Bien évidemment, la Boisserie est désertée dès 1940.

Quand il part pour l’Angleterre, Charles De Gaulle est un militaire estimé de l’état-major, sans plus. Ce n’est en tout cas pas une personnalité politique de premier plan.

Il a certes été fait prisonnier lors de la Première Guerre mondiale. Certes, dans l’entourage de Philippe Pétain, il prône l’usage des divisions de blindés dans la guerre contemporaine. En mai 1940, colonel, il est placé à la tête d’une division blindée et mène plusieurs contre-attaques pendant la bataille de France ; il est promu général de brigade à titre temporaire le 25 mai 1940. Il est nommé sous-secrétaire d’État à la Guerre et à la Défense nationale dans le gouvernement Reynaud, pendant l’exode de 1940, avant son départ pour Londres et l’appel du 18 juin.

Les De Gaulle ne retourneront à Colombey qu’en 1946 pour y découvrir que les lieux ont été pillés par de nombreux visiteurs.

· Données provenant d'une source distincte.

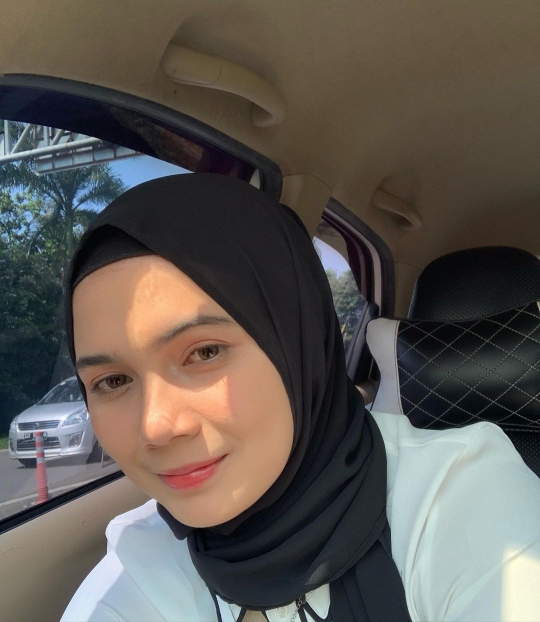 Dulu Atlet Silat Berprestasi, Gadis Cantik ini Kini Jadi Prajurit Brimob Siap Tempur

C’est à ce moment que le général décide d’y faire construire une tour octogonale qui prolongera la maison et abritera son bureau, et de s’y installer pour de bon avec Yvonne et Anne (décédée en 1948).

tour

On ne visite que le rez-de-chaussée de cette demeure qui est toujours la propriété de la famille De Gaulle. Les cris d’enfants laissent penser qu’elle est toujours une résidence familiale. Mais ces quelques pièces valent largement le détour. Dans le vestibule d’entrée, dans la salle à manger, les « ch’tis » retrouveront une quantité de souvenirs lillois où est né Charles et calaisiens où est née Yvonne Vendroux-De Gaulle. Ainsi une plaque émaillée de la rue Princesse, une collection de lampes de mineur…

Durant les onze années de présidence, les De Gaulle séjournent ici au moins un week-end sur deux. A sa démission en 1969, le général s’y installe définitivement jusqu’à son décès en 1970. Yvonne y vivra jusqu’en 1978. Mais c’est dans le salon et le bureau qu’on entre véritablement dans l’histoire.

Tous les puissants, toutes les têtes couronnées sont venues ici et ont leur photo dûment accrochée : le Shah d’Iran, Nasser, Hussein de Jordanie, Eisenhower, Churchill…. Ne reste qu’une seule survivante de cette époque : Élisabeth II !

adenauer

Un visiteur mérite une mention particulière : Konrad Adenauer. Le chancelier, en place à Bonn depuis déjà neuf ans rend une visite à celui qui n’est encore que président du conseil, le 15 septembre 1958. La petite histoire prétend que le chancelier et son chauffeur arrivent en retard au rendez-vous : ils avaient fait une première halte à Colombey-les-Belles, en Meurthe-et-Moselle… Mais c’est néanmoins à ce moment que se mettent en place l’entente franco-allemande et les prémices de l’union européenne ! Raisons pour lesquelles le chancelier passera la nuit sur place…

On peut observer entre autres une monumentale boîte à cigares offerte par Fidel Castro et la table de bridge à partir de laquelle le général regardait la télévision ou écoutait la radio, et sur laquelle il s‘est affaissé, victime d’une rupture d’anévrisme le 9 novembre 1970.

On entre religieusement dans le bureau contigu qui ouvre sur les coteaux de champagne et la plaine lorraine. Petite pièce octogonale, confortable mais sans plus, propice au travail et à la réflexion, d’où ont été écrites tant de pages de notre histoire.